◆ **TASK DESCRIPTION**:
Omit all pictures and transcribe only the lines in the entries below that run from the line with "Collana con ciondolo" through the line with "thumbnail image 2".

--- MATERIAL FOR THIS TASK Enclosed Below ---

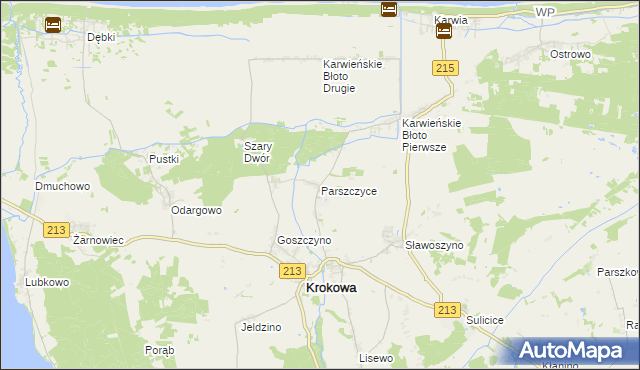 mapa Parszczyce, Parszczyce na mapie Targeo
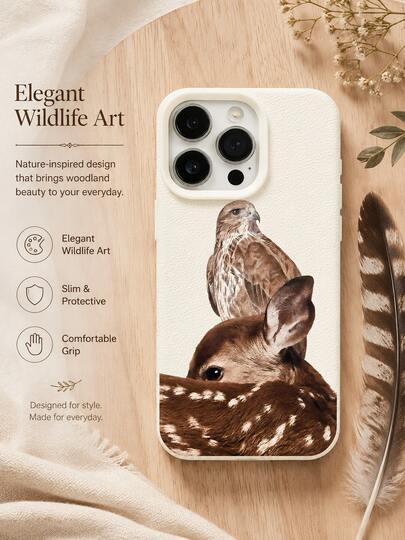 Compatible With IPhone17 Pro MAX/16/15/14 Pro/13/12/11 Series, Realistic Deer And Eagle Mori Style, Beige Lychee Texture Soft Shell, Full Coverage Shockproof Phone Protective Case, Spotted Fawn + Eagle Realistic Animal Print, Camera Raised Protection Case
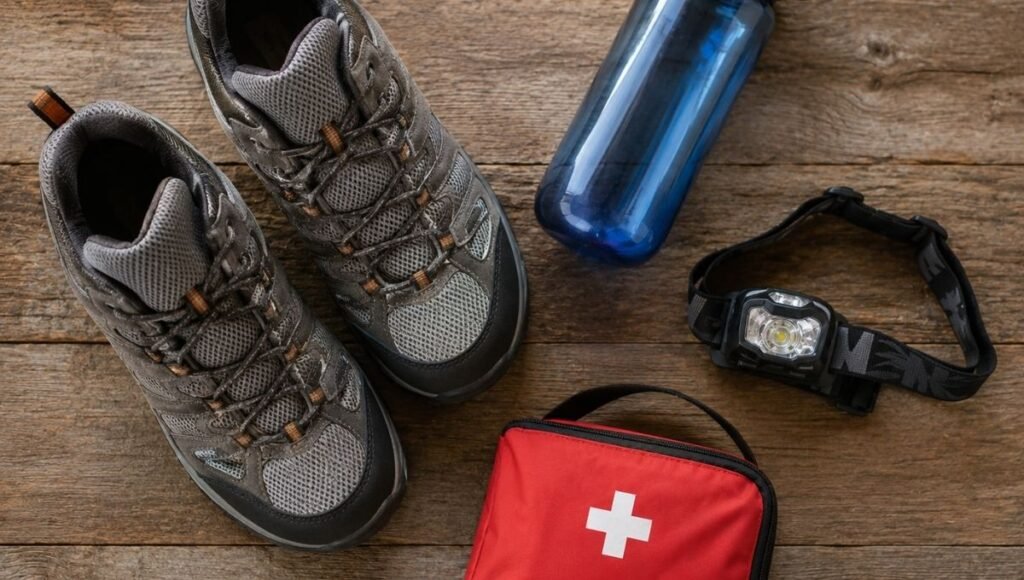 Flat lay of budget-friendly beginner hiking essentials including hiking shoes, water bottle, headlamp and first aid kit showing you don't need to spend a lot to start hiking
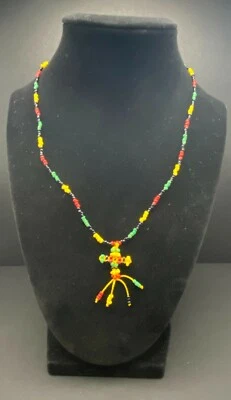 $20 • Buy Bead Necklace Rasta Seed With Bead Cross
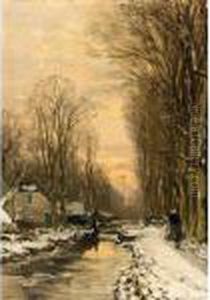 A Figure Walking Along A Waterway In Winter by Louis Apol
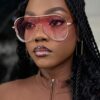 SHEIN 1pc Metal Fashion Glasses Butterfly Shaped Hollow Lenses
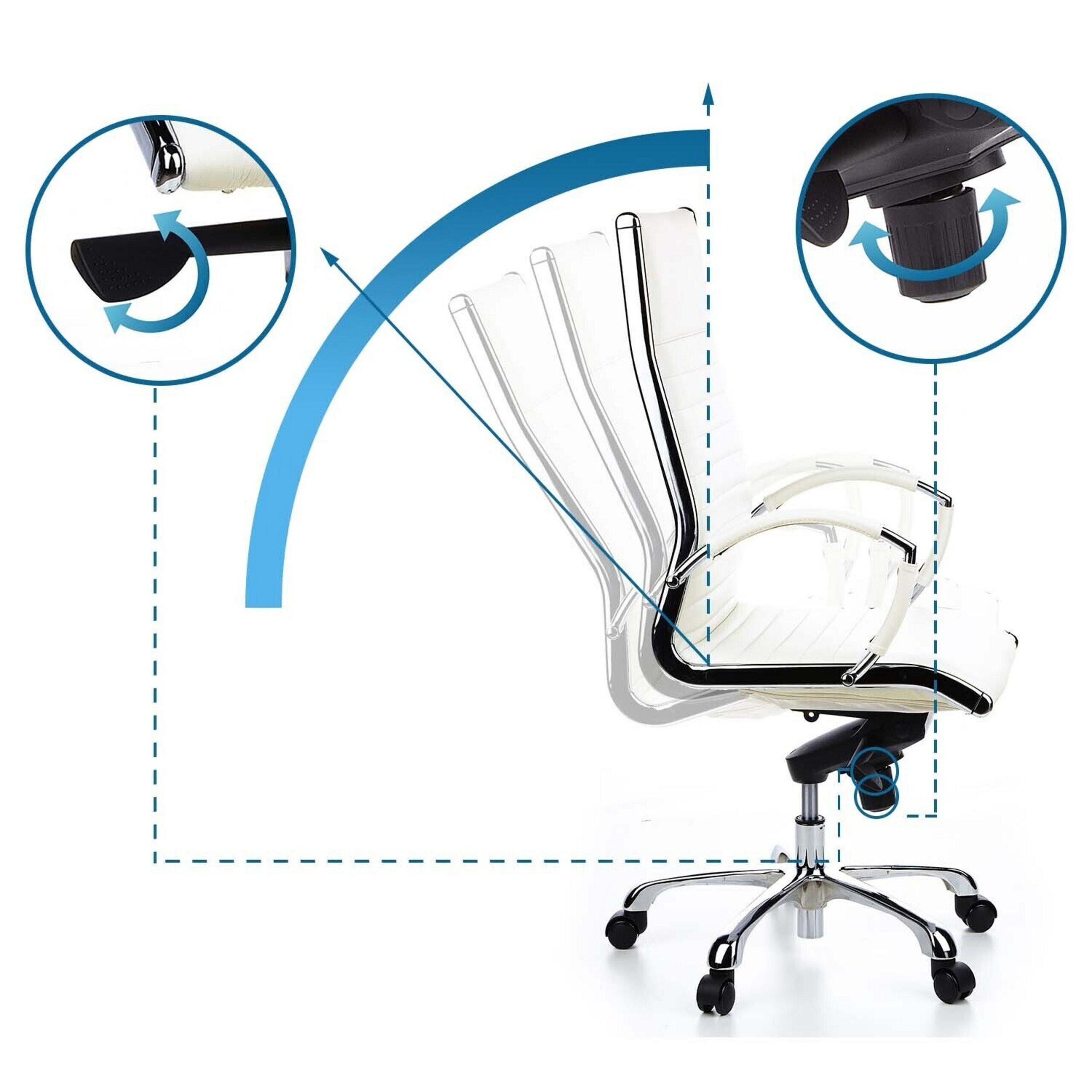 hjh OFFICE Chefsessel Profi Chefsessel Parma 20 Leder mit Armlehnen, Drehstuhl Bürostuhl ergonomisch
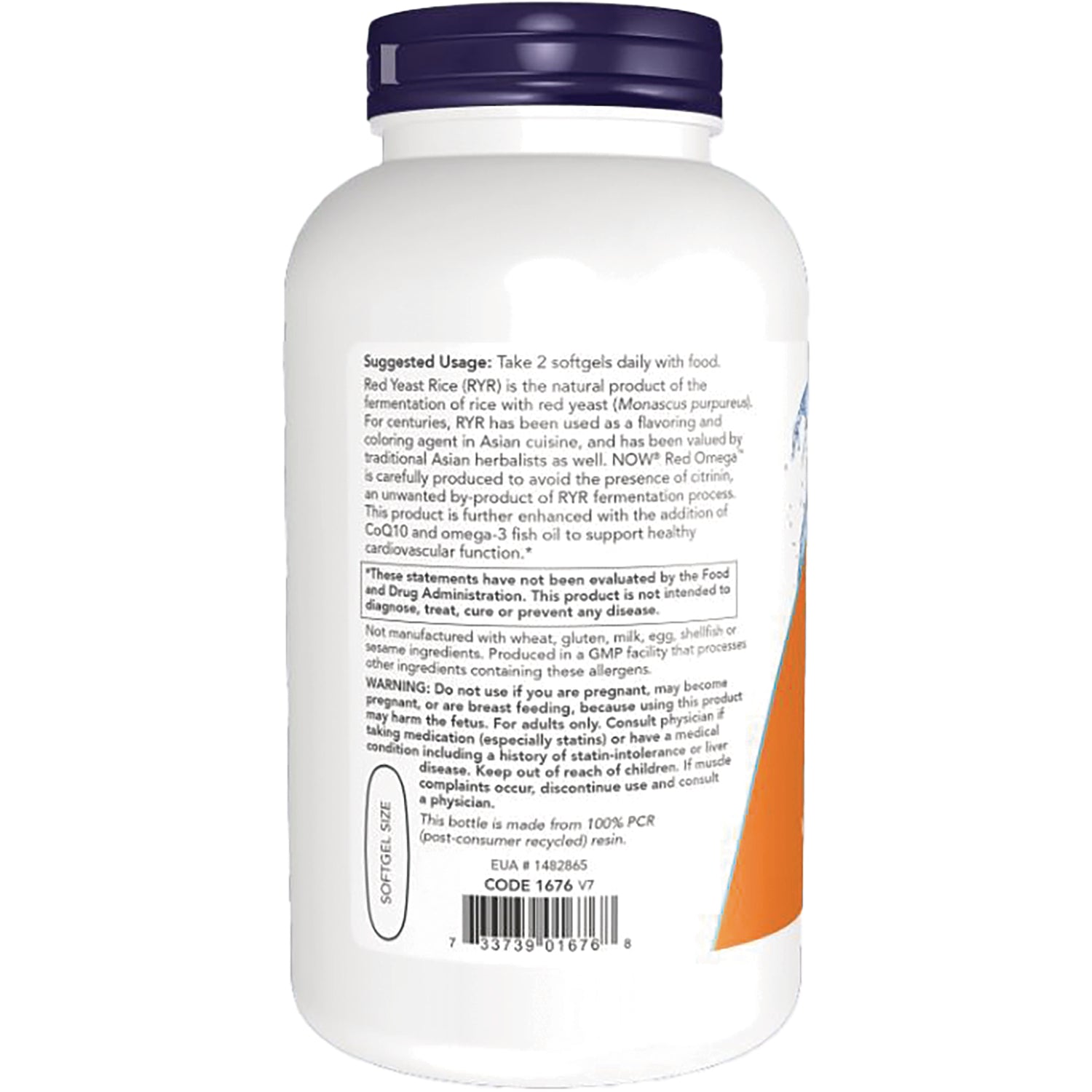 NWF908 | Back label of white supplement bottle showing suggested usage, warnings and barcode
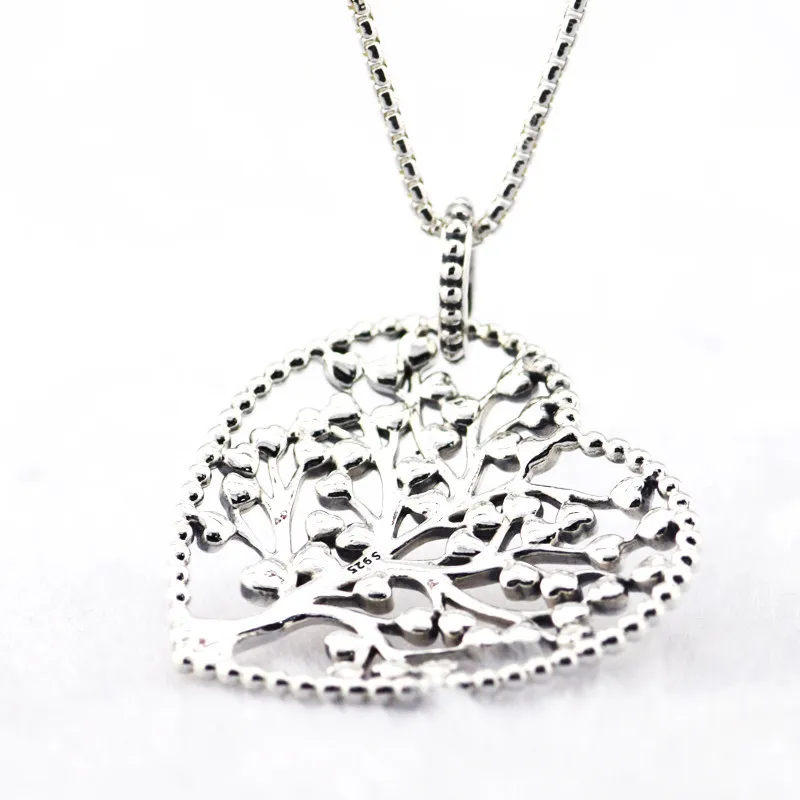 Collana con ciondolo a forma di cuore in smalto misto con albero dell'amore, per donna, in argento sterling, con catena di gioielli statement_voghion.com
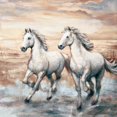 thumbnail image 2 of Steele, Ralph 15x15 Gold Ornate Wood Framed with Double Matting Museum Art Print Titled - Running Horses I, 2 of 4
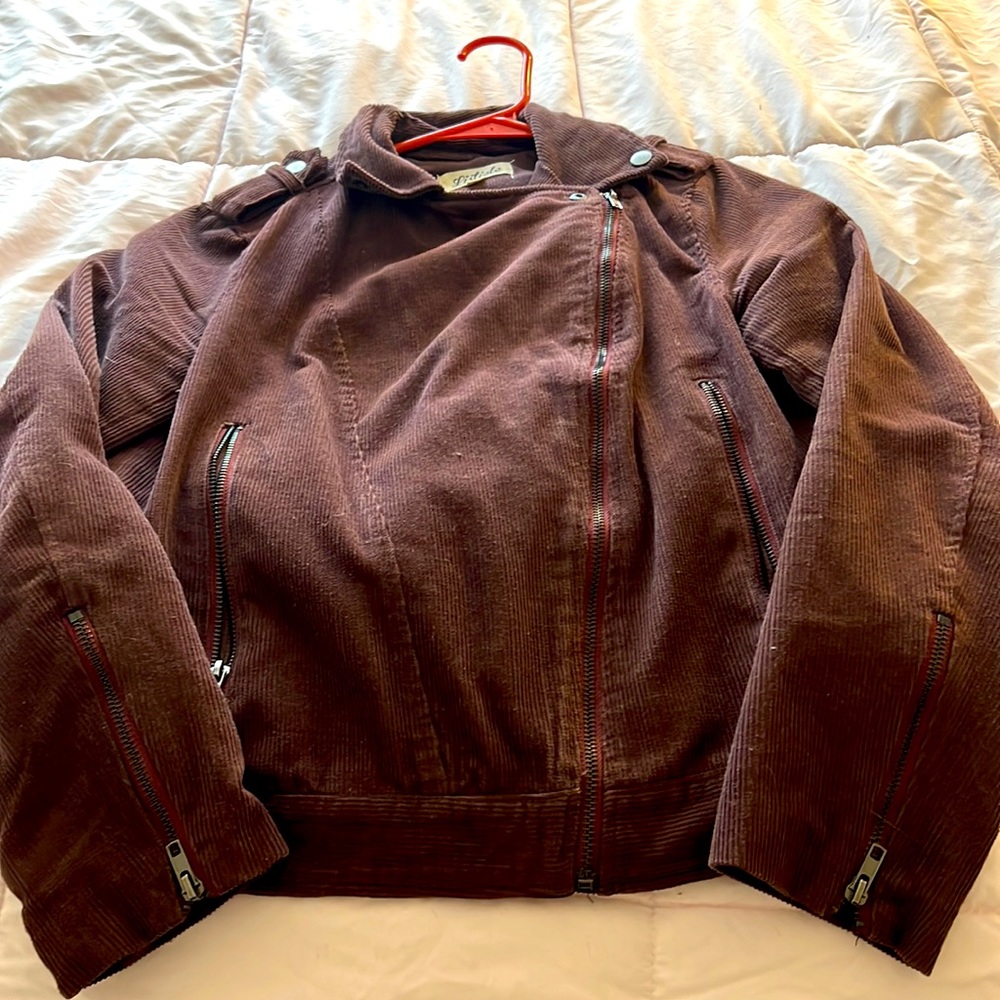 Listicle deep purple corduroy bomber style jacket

--- End of Enclosed MATERIAL FOR THIS TASK ---

◆ **RESULT FOR THIS EXERCISE**:
 Collana con ciondolo a forma di cuore in smalto misto con albero dell'amore, per donna, in argento sterling, con catena di gioielli statement_voghion.com
 thumbnail image 2 of Steele, Ralph 15x15 Gold Ornate Wood Framed with Double Matting Museum Art Print Titled - Running Horses I, 2 of 4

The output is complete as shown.